We had to shop. We needed fresh. The shelves were empty. Everything is topsy-turvy. Neither of us do well under such conditions. We like the tracks, the well-worn directions.
I sew, teaching myself cross-stitch. Idle hands. And I listen to Clive James talking to John Wilson. His father, a soldier in the Second World War, was taken prisoner by the Japanese. He died on his way home from being released. I had to be the man of the house, James said, I was scared stiff. I’m still scared. James is dying. I’m at the terminus, he says. He is open about it and without self-pity. He talks about his work. I wanted to be good so much that I didn’t enjoy anything. He lives in Cambridge. We would pass his house on our way into town. There was an Euan Uglow painting visible from the window. It was of a lemon.
We go for coffee. Is your name Mark? he asks. Mark is cheerful. Yes, he says. You may know me from the Post Office at the SPAR. I work here now, he says, collecting our empty cups. Everyone is cheerful. Sam and Emma have had good Christmas Days. Though Emma’s oven broke. We cooked the turkey the day before, she says, thank God, every thing else had to be mashed. On Christmas Eve all the staff dressed up. I love Christmas, Emma said. I’m going to dress up as a Christmas Tree. Sam had on a bowler hat and sequins stuck onto her face. Ta-da!, she said standing before us, her arms outstretched and looking like Liza Minelli in Cabaret, I’m Jack Frost. Toby was an elf.
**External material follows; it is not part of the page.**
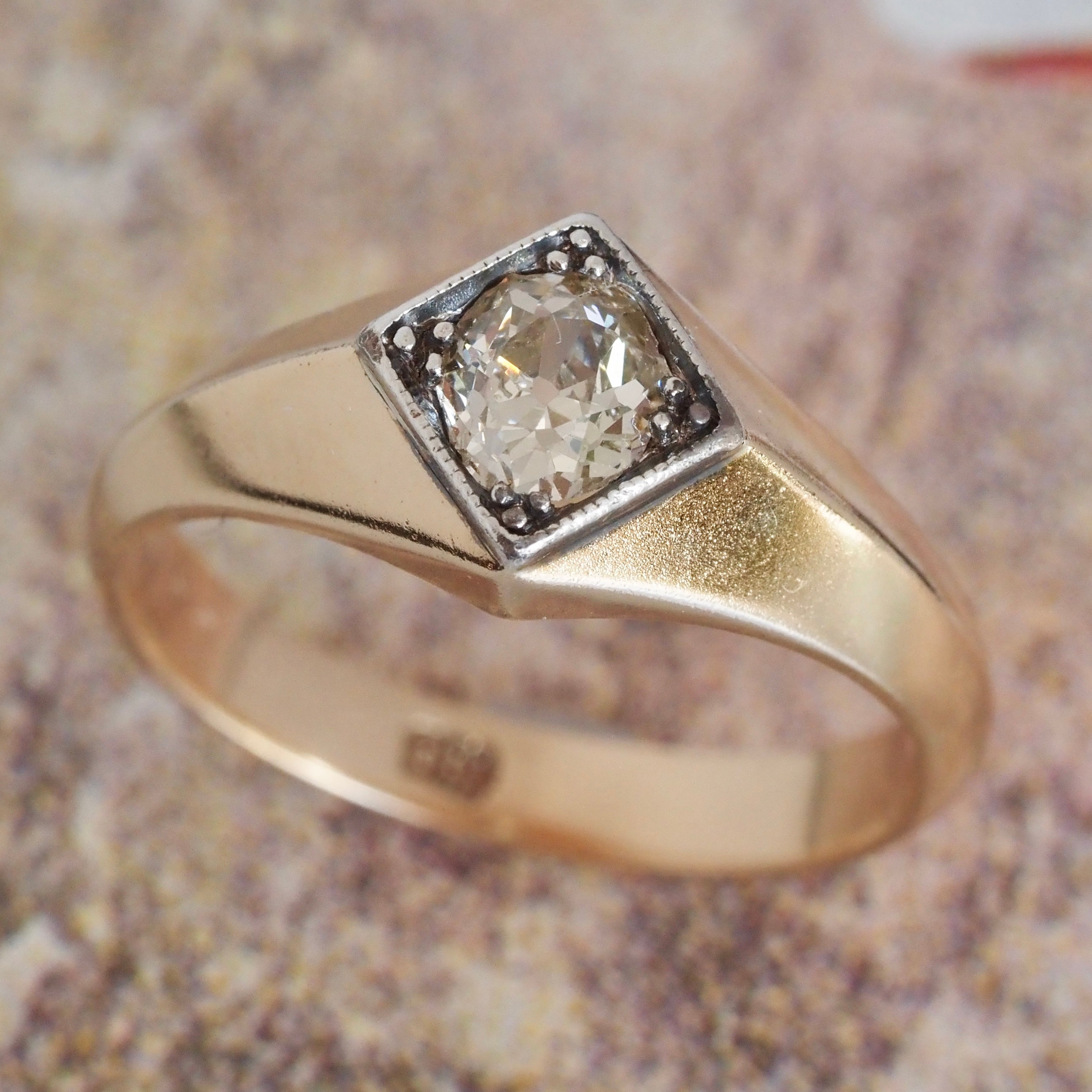 Vintage 14k Gold Old Mine Cut Diamond Geometric Ring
Is it morbidity? This obsession, or let’s say curiosity, about death. Surely it would have an ia at the end, like other anxieties, he says. Maybe, I say. Morbidia? he suggests. I noticed it last night as we watched Call the Midwife. Sister Monica Joan was lying on a makeshift couch, nearing her end. I wanted to be her. I felt it. I wanted to be near my end. All that stuff sloughed off. That minutiae, that background noise of care and worry, that is really nothing at all. I wanted to be in a state of recognition, of paying attention to what is important. I wanted the focus of death. Of course, I have a romantic view of it. Was it Camile? Or Candide? Or the Lady of the Camelias? Lying on her chaise-longue looking ‘interesting’ in her state of near death from consumption. In reality there is pain, loss, fear. We cannot ever know how another truly feels. I watched my mother-in-law and my father, both twitching with it, their bodies not knowing how to be peaceful with the process, not, that is, until the very end. How can the living know? But how I seek it’s calm. That final succumbing.
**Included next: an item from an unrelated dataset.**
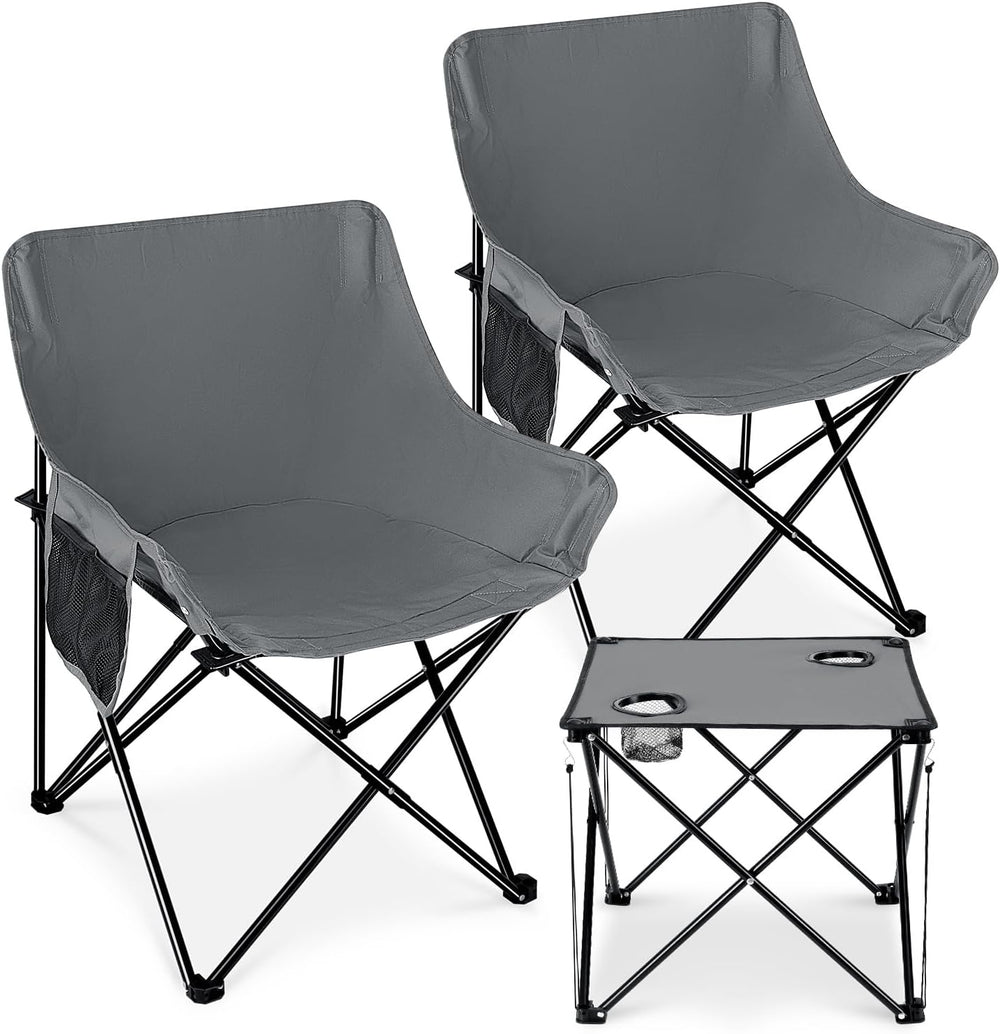 Leonyo Camping Chairs for Adults, 2 Pack Folding Lawn Chair & Table, Grey...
She had her arms full. Five rolls of it. Wrapping paper with Seasons Greetings printed all over it. It’s Boxing Day. Is it a cost saving exercise? Stock up for next year? Her husband looked like a farmer. There was another man. Hi, he says, as we get into the car. How’s it going? I went to school with him, he says, shutting the door. The woman is small in stature. Her mouth is open staring at the two men talking. She grapples with the rolls of paper. Her mouth is open and in her bottom row she has only one tooth.
He stops the car and bounds out. Is a fiver OK do you think? he asks. He’s sitting in the doorway just beyond Smiths, a paper cup outstretched. He re-enters the car. I think he’s a bit drugged-up. Not that I can blame him, I’d do the same if I was sleeping on the streets. I think I saw him this morning sleeping in the shelter. I wish I’d brought the biscuits. I’ll take them tomorrow, wrapped in a red bow. Merry Christmas. Someone thinks of you. He always looks so sad, he says.
No sun today. The sky is a grey-white. A seagull flies high above the roofs, circling.
It’s all about words, James says, all about words.